World power.

In early June, three young Thai powerlifters flew to Sweden to compete in the IPF World Classic Championships alongside more than 1,000 athletes. Worathida “Paan” Theopanich, 22, won bronze for best overall in the junior U43 weight class, while Wongsatorn “Job” Angchaibunsrisuk, 22, landed ninth best in the junior U74 class. Phuripat “Pad” Yimerhthi, 19, competed in the most-competitive weight class, U83.
 

How did you get into powerlifting?

 
Job: I was bodybuilding but started to get bored. Then I gave powerlifting a go and it was fun so I stuck with it. I’ve been doing it for three-to-four years now.
Pad: I just wanted to get lean. I was also into bodybuilding at first, too. Then I met John Del Castillo [his coach] who saw my legs and thought they looked strong, so he asked if he could train me.
Paan: I was a sport-science student and went to the gym regularly. I went to check out a competition in October and there was a booth for people to try out for fun. I lifted the 60kg deadlift quite breezily. John Coyle [TPF's sponsor and chairperson] approached me and I’ve been doing it since.
 

How did you do in the competition?

 
Job: I competed in the Under 74kg Junior category and landed ninth best in bench at 142.5kg. My squat was 177.5kg and deadlift 217.5kg.
Paan: My squat was 87.5kg and was third best in the world. I bench at 47.5kg and deadlift at 127.5kg—that was second best in the world. Overall I landed third best in the world for Under 43kg Juniors.
Pad: My squat is 227.5kg, bench 117.5kg and deadlift 222.5kg. I competed in the Under 83kg Junior. It’s the most competitive weight class. I didn’t win anything [laughs].
 

How often do you train?

 
Paan: I train five days a week, rotating on form, not all of them in one day.
Pad: I train four days a week, squatting three days.
Job: I train four days, with form rotations as well.
 

How was your experience competing globally?

 
Job: I did better than I expected because I injured my hamstrings months before the competition.
Paan: It was very fun, but I wanted to do better—I could do more when I was training.
 

Why do you think powerlifting isn’t more popular in Thailand?

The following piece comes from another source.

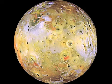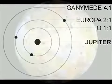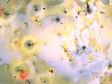Why does Io have so many volcanoes? One reason is that Io is in a resonant orbit with Europa and Ganymede. This means that they exert a regular and periodic gravitational influence on each other. For each orbit of Ganymede, Europa orbits twice and Io orbits four times. The gravitational pull of the other two moons disturbs Io's orbit, making it incredibly elliptical. Its varying distance from Jupiter as it orbits causes the entire moon to flex from intense tidal forces, changing its shape by up to 330 feet at the equator.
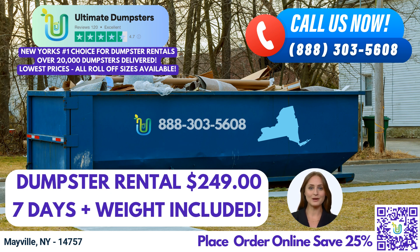Placing an order with Ultimate Dumpsters is easy. You can either call our friendly team or conveniently use the QR code displayed on the screen to place your order online. And here's some great news: our current platform is offering a generous 25% off dumpster rental orders when you place your order online.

Paan: I think people think it’s dangerous.
Pad: Especially with girls, they are afraid to get bulky, which is impossible, I mean, look at Paan.
 

As a woman, what has powerlifting taught you?

 
Paan: It’s really fun. I set myself goals, then I just keep training hard to try and achieve them.
 

What techniques have you learned from powerlifting that you could use in real life?

 
Pad: Patience is key. Nothing comes easily, everything takes time.
Job: I’ve learned to overcome my own ability. I try to be better every day.
Paan: Never give up, always keep trying.
 

Any advice for aspiring powerlifters?


Pad: Just give it a go, see what you can do, but start light—don’t injure yourself.
Paan: Just try. It’s not really as scary as it seems.